# [Problem to work on]
From the line containing "Vorschauseite 2: Zu" to the end of the data, retype every line exactly and nothing else. Drop the pictures.

# [Provided material]

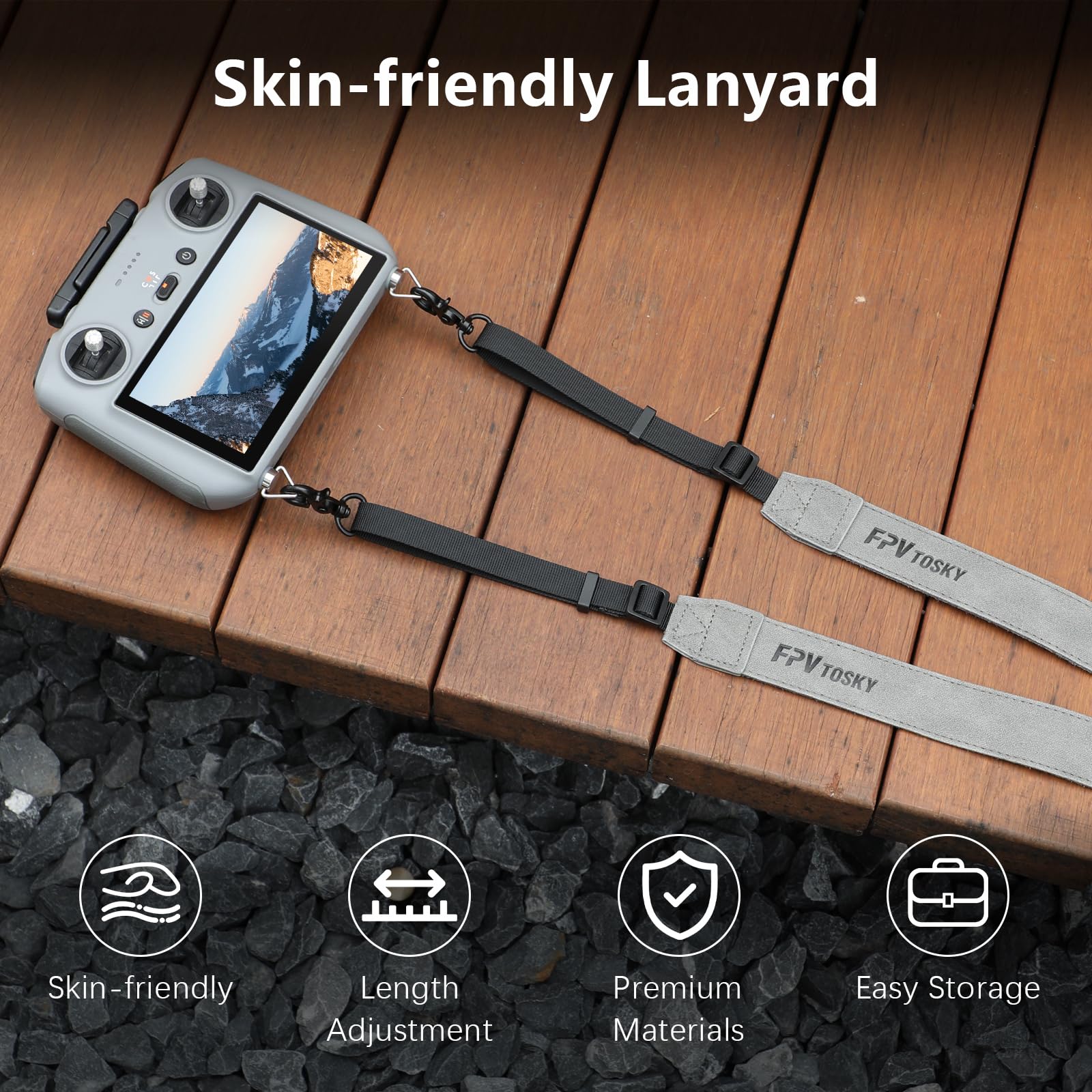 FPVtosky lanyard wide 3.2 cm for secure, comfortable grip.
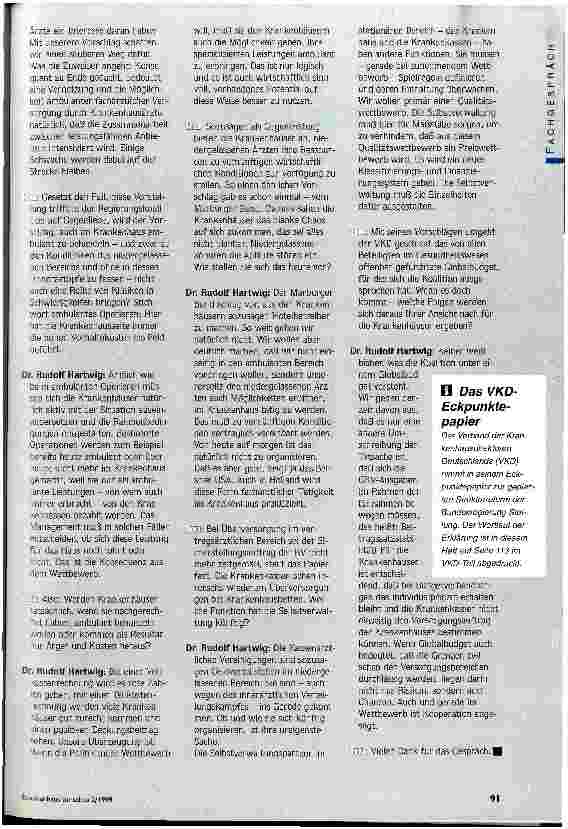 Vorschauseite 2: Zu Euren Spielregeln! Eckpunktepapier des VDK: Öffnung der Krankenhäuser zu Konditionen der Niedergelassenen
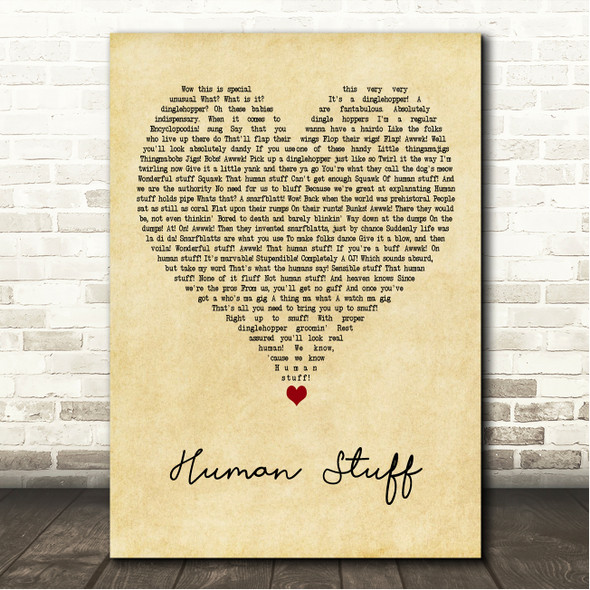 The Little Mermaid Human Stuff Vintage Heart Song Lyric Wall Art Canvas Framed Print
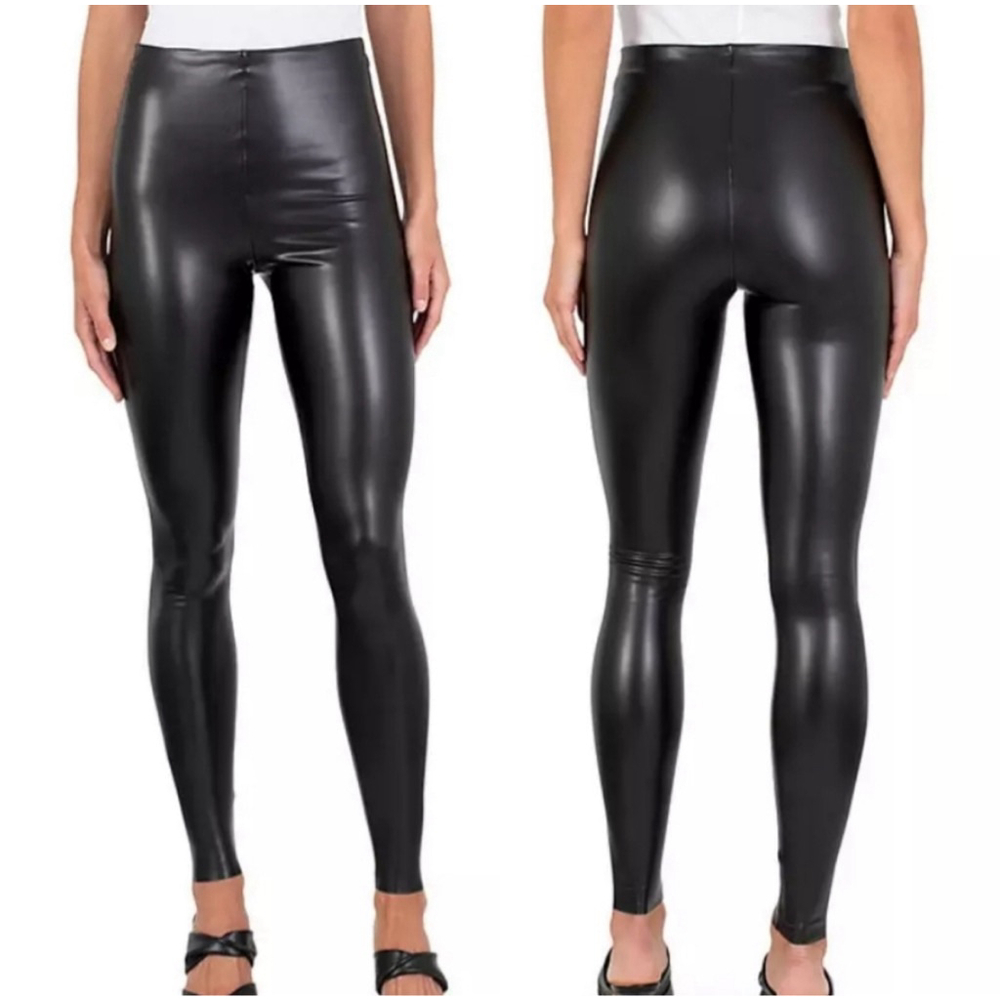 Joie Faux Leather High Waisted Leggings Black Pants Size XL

# [Completed exercise]
 Vorschauseite 2: Zu Euren Spielregeln! Eckpunktepapier des VDK: Öffnung der Krankenhäuser zu Konditionen der Niedergelassenen
 The Little Mermaid Human Stuff Vintage Heart Song Lyric Wall Art Canvas Framed Print
 Joie Faux Leather High Waisted Leggings Black Pants Size XL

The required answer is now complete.